Un uomo vive in montagna, trova un cane, spaventa un guardiacaccia. La vita trascorre senza relazioni e con le necessità ridotte al minimo, fin quando l’uomo e il cane non trovano un piede dissepolto dalla neve. È tutta qui, la trama del breve romanzo di Claudio Morandini: si tratta di un apologo sull’essenzialità, sulla solitudine, sulla rinuncia progressiva ai conforti della vita degli altri, un po’ come ne La strada di McCarthy, ma senza l’apocalissi e con l’ironia a compensare il vuoto di azioni ed eventi. Il cane, un giorno, parla. E parlano in modo del tutto imprevisto altri animali. Poi l’uomo decide di lasciarsi morire e il cane, come nella vieta consuetudine, gli rimane fedele.
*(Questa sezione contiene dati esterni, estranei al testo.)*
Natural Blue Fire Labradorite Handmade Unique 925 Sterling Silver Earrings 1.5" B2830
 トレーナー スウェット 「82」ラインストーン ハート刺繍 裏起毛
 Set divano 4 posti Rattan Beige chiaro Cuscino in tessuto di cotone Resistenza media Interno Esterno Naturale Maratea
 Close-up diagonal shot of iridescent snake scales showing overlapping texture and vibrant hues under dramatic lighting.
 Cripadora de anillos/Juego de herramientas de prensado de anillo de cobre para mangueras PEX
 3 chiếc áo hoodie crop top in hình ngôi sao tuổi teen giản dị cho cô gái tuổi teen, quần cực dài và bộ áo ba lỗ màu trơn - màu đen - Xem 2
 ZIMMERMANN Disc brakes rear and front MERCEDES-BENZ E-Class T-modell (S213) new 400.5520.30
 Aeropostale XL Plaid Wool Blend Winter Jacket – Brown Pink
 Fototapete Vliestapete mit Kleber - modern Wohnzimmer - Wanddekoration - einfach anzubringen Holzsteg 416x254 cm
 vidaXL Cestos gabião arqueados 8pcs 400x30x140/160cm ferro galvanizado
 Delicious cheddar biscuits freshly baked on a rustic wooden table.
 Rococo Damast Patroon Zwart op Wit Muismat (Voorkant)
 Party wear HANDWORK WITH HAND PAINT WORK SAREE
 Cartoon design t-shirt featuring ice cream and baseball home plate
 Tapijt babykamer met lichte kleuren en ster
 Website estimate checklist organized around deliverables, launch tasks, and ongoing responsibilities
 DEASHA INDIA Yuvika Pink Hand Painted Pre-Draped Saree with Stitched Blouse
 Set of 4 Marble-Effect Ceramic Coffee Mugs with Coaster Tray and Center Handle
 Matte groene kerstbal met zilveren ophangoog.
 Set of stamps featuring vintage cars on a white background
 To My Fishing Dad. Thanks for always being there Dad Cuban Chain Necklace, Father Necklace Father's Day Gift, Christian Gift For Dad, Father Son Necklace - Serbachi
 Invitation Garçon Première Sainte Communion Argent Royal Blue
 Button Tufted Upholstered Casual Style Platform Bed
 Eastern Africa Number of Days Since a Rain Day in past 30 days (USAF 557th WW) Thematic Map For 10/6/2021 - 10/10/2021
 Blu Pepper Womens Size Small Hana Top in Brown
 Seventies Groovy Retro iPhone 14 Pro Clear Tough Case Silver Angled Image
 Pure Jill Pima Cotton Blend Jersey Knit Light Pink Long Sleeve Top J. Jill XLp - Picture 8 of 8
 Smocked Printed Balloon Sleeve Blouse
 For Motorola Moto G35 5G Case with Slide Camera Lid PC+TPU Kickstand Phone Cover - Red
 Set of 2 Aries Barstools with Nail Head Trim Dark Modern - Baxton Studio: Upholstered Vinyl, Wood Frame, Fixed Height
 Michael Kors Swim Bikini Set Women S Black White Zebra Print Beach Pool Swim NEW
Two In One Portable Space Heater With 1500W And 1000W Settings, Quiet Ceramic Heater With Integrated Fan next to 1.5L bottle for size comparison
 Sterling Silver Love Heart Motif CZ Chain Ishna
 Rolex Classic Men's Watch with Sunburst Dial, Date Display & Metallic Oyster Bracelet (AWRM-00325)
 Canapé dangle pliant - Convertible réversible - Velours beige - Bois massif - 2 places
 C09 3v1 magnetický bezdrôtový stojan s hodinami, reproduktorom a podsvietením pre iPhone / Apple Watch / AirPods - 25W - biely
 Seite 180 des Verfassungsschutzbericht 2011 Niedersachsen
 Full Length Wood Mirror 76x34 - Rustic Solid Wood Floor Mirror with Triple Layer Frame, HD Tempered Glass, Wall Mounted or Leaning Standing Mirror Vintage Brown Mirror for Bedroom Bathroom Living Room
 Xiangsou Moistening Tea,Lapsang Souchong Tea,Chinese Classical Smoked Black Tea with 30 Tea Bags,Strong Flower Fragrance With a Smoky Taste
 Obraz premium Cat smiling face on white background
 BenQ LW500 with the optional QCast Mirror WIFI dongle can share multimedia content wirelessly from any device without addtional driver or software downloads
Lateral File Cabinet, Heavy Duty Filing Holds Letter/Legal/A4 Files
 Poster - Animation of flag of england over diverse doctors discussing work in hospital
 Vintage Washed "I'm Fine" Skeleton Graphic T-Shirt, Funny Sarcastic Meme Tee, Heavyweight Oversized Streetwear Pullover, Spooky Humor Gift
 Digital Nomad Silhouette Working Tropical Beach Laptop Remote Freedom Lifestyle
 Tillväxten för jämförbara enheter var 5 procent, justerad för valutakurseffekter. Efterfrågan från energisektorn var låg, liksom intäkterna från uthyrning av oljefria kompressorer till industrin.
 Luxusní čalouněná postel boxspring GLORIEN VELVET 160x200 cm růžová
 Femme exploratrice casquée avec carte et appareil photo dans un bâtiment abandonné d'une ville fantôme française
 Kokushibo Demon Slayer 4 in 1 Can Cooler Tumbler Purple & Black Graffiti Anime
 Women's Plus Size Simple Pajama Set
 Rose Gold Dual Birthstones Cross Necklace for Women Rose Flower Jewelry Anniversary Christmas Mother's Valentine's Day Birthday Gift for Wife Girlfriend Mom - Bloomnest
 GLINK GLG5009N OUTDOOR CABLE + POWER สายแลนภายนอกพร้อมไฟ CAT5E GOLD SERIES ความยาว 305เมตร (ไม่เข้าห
Tra apologo kafkiano e tradizione eroicomica, Neve, cane, piede si segnala sin dal titolo per la rarefazione d’ambiente che si trasferisce alla scrittura (o viceversa). Nella nota finale l’autore dà conto dell’ispirazione presa dai racconti di montagna e dalla vita degli eremiti alpini: si tratta però di una sorta di excusatio. Adelmo Farandola ci piace pensarlo come uno tra noi, che abbia scelto di non farsi troppo notare (o all’opposto di segnalarsi in modo paradossale), in quella riduzione progressiva al nulla che ripete la fatalità dell’esistere. La vita è il luogo in cui tutto può diventare malinconico o spaventoso, come la terra dopo una nevicata.